● **INFORMATION GIVEN**:
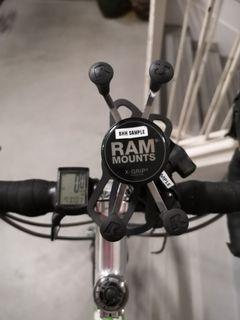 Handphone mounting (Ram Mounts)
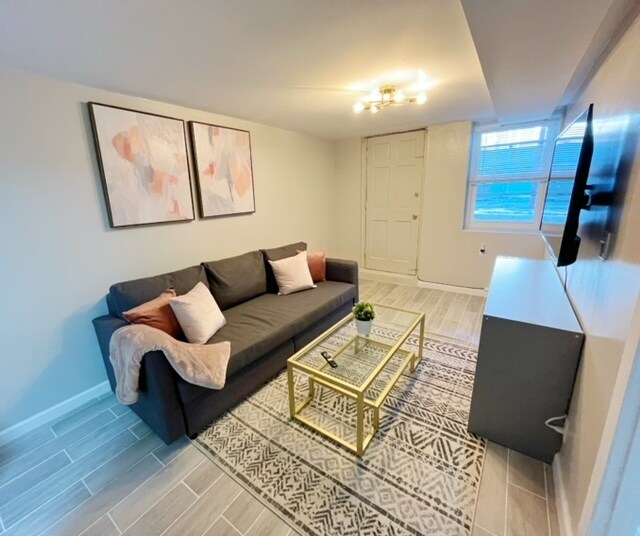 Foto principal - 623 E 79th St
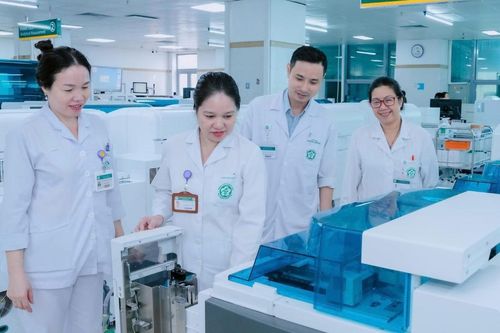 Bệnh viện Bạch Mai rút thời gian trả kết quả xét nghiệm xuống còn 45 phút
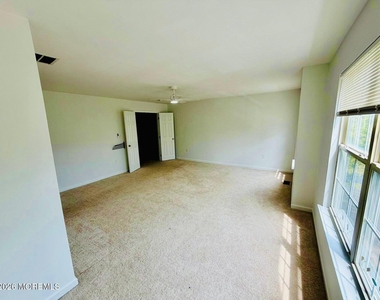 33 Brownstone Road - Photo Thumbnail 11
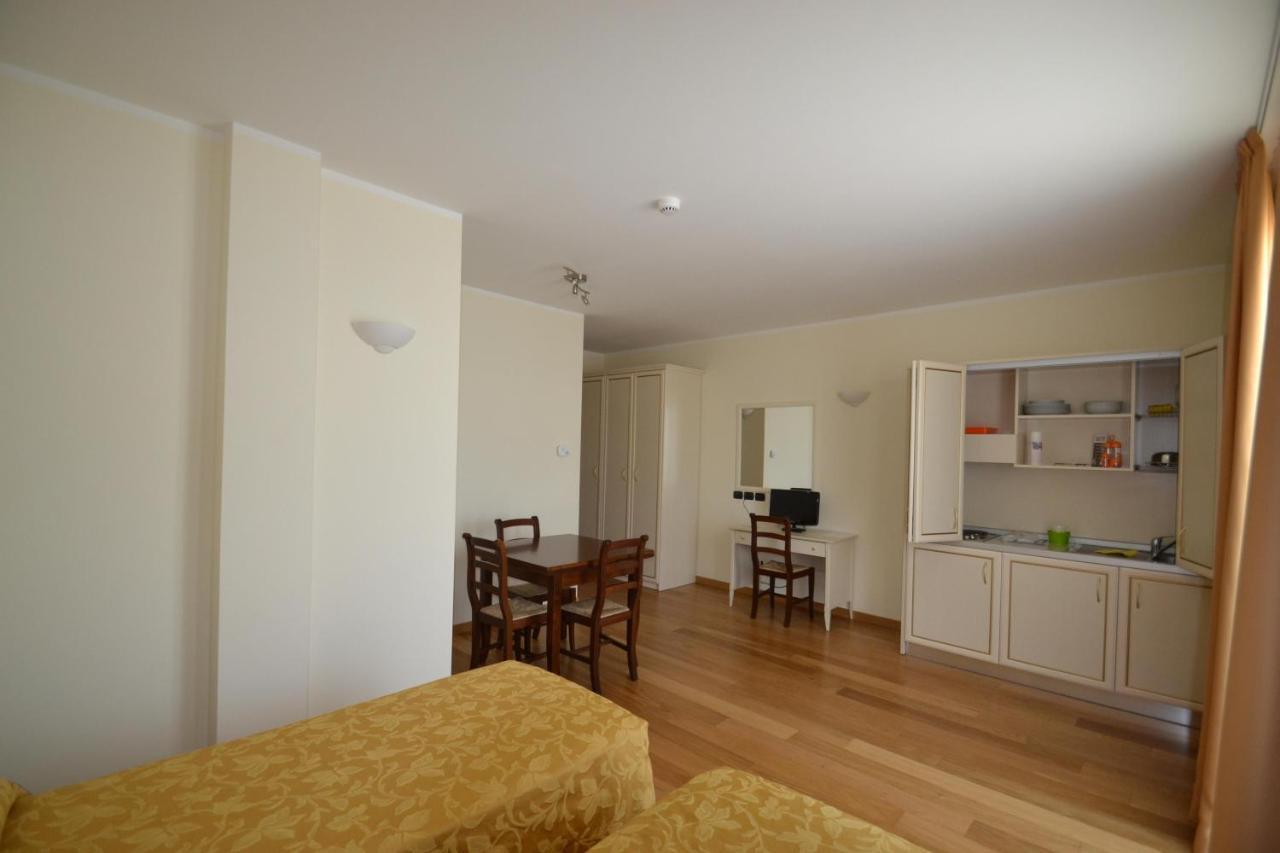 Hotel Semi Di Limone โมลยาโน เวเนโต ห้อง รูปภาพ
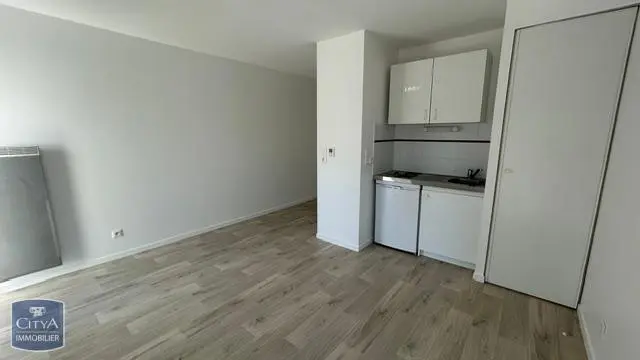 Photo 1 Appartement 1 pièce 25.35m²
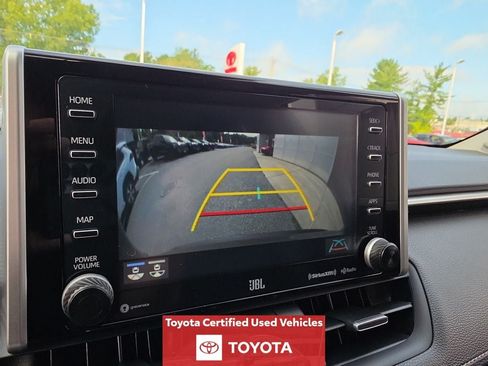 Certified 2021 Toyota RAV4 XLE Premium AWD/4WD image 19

--

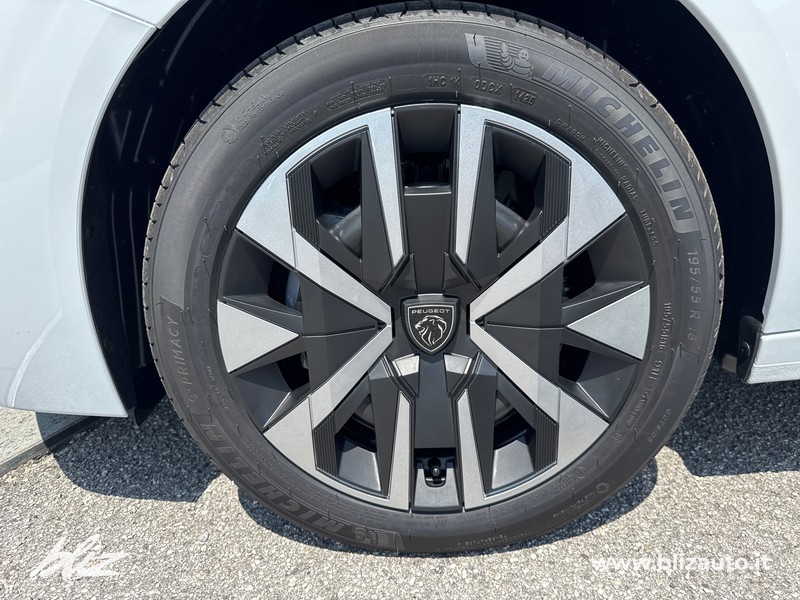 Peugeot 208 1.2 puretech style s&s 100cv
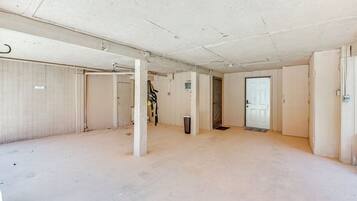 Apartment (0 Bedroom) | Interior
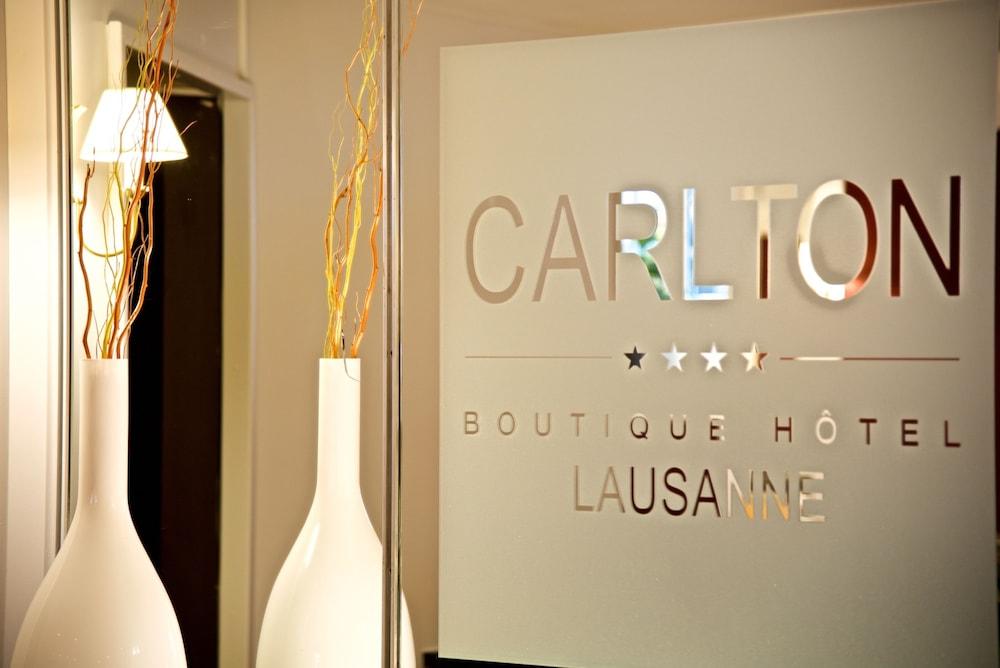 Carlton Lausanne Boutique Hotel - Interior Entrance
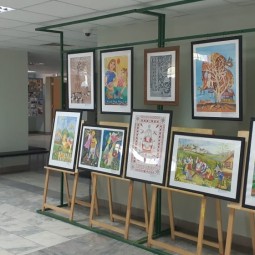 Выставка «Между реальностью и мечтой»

● **TASK GOAL**: Extract the part of the records that opens with the line containing "Handphone mounting (Ram Mounts)" and closes with the line containing "Certified 2021 Toyota". Take only those lines, exactly, and no pictures.

● **TASK SOLUTION**:
 Handphone mounting (Ram Mounts)
 Foto principal - 623 E 79th St
 Bệnh viện Bạch Mai rút thời gian trả kết quả xét nghiệm xuống còn 45 phút
 33 Brownstone Road - Photo Thumbnail 11
 Hotel Semi Di Limone โมลยาโน เวเนโต ห้อง รูปภาพ
 Photo 1 Appartement 1 pièce 25.35m²
 Certified 2021 Toyota RAV4 XLE Premium AWD/4WD image 19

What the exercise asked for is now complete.